2. E Co. is a public corporation and a taxable Canadian corporation. E Co. is a corporation incorporated under and governed by the laws of Canada. E Co. is engaged in the businesses of XXXXXXXXXX. N Co. is a public corporation and a taxable Canadian corporation. N Co. is formerly F Co. and is a corporation incorporated under and governed by the laws of Canada. N Co. is engaged in the businesses of XXXXXXXXXX. G Co. is a public corporation and a taxable Canadian corporation. G Co. is a corporation incorporated under and governed by the laws of Canada. G Co. is engaged in the business of XXXXXXXXXX.
3. N Co. owns an XXXXXXXXXX system (the "XXXXXXXXXX System") XXXXXXXXXX. The XXXXXXXXXX System also include other assets such as lands, buildings XXXXXXXXXX, movable or immovable, corporeal or incorporeal. The XXXXXXXXXX System has an approximate useful life of XXXXXXXXXX years, assuming proper repair and maintenance and capital program would be carried out.
XXXXXXXXXX
4. The XXXXXXXXXX System is operated by a division of N Co.
XXXXXXXXXX
5. N Co. would like to focus on its core business of XXXXXXXXXX and as a result would like to dispose of the XXXXXXXXXX System and its business of XXXXXXXXXX.
Proposed Transactions
6. An open-ended inter vivos trust (the "MFT") will be created under the laws of the Province of XXXXXXXXXX (the "XXXXXXXXXX Laws") pursuant to a trust agreement (the "MFT Indenture"). The MFT will be established for the purpose of subscribing for and owning all of the CT units and First Notes referred to in 10 below. Under the XXXXXXXXXX Laws, the patrimony of the MFT will be transferred in trust and will constitute a patrimony by appropriation, autonomous and distinct from that of the settlor, trustee or any unitholders of the MFT. Pursuant to the MFT Indenture, the MFT units represent the undivided beneficial interest of the holders thereof in the MFT. Each MFT unit carries one vote at meetings of the MFT unitholders and each unitholder has equal privileges and is entitled to participate equally in distributions by the MFT and, in the event of any required distribution of all of the property of the MFT, in the net assets of the MFT after satisfaction of all liabilities of the MFT. An abridged form of the MFT Indenture will be executed prior to the filing of the prospectus referred to in 13 below since the issuer, being the MFT, must be constituted in order to file the prospectus. The MFT Indenture will subsequently be restated and amended by the amended and restated trust agreement with the detailed terms and conditions of the trust.

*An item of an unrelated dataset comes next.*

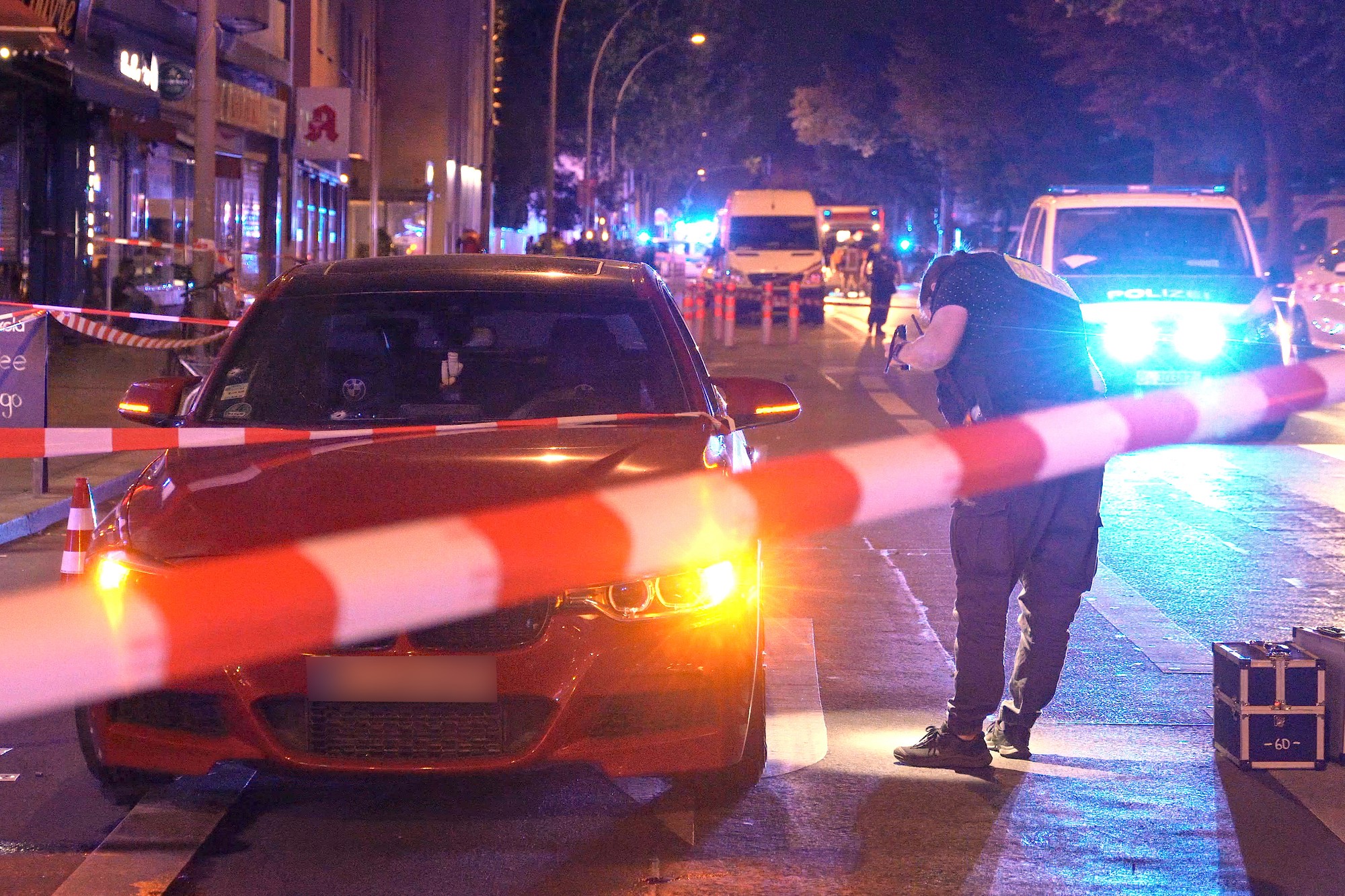Policajti zaisťujú stopy po streľbe v nemeckej metropole Berlín.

7. Another open-ended inter vivos trust (the "CT") will be created under the XXXXXXXXXX Laws pursuant to a trust agreement (the "CT Indenture"). The CT will be established for the purpose of carrying on the business of XXXXXXXXXX. Under the XXXXXXXXXX Laws, the patrimony of the CT will be transferred in trust and will constitute a patrimony by appropriation, autonomous and distinct from that of the settlor, trustee or any unitholders of the CT. Pursuant to the CT Indenture, the CT units represent the undivided beneficial interest of the holders thereof in the CT. Each CT unit carries one vote at meetings of the CT unitholders and each unitholder has equal privileges and is entitled to participate equally in distributions by the CT and, in the event of any required distribution of all of the property of the CT, in the net assets of the CT after satisfaction of all liabilities of the CT. The CT will not be a mutual fund trust nor a personal trust.
8. Pursuant to the MFT Indenture, the control and administration of the MFT property and the right to conduct the affairs of the MFT will be vested exclusively in the sole trustee of the MFT (the "MFT Trustee") which, among many other requirements, must be a corporation incorporated under the laws of Canada or a province thereof, be a resident in Canada and be authorized under the XXXXXXXXXX Laws to carry on the business of a trust company. Trustco will be appointed as the initial MFT Trustee. Trustco will also act as transfer agent and registrar for the MFT units. The MFT Trustee will be dealing at arm's length with and will not be related to any of G Co., N Co. and their affiliates and the CT Trustees at all times. Pursuant to the MFT Indenture, at no time may non-residents of Canada be the beneficial owners of more than 49% of the MFT units. Furthermore, the MFT Trustee may not, without the approval of the MFT unitholders, vote the CT units with respect to any matter which requires the approval of the CT unitholders.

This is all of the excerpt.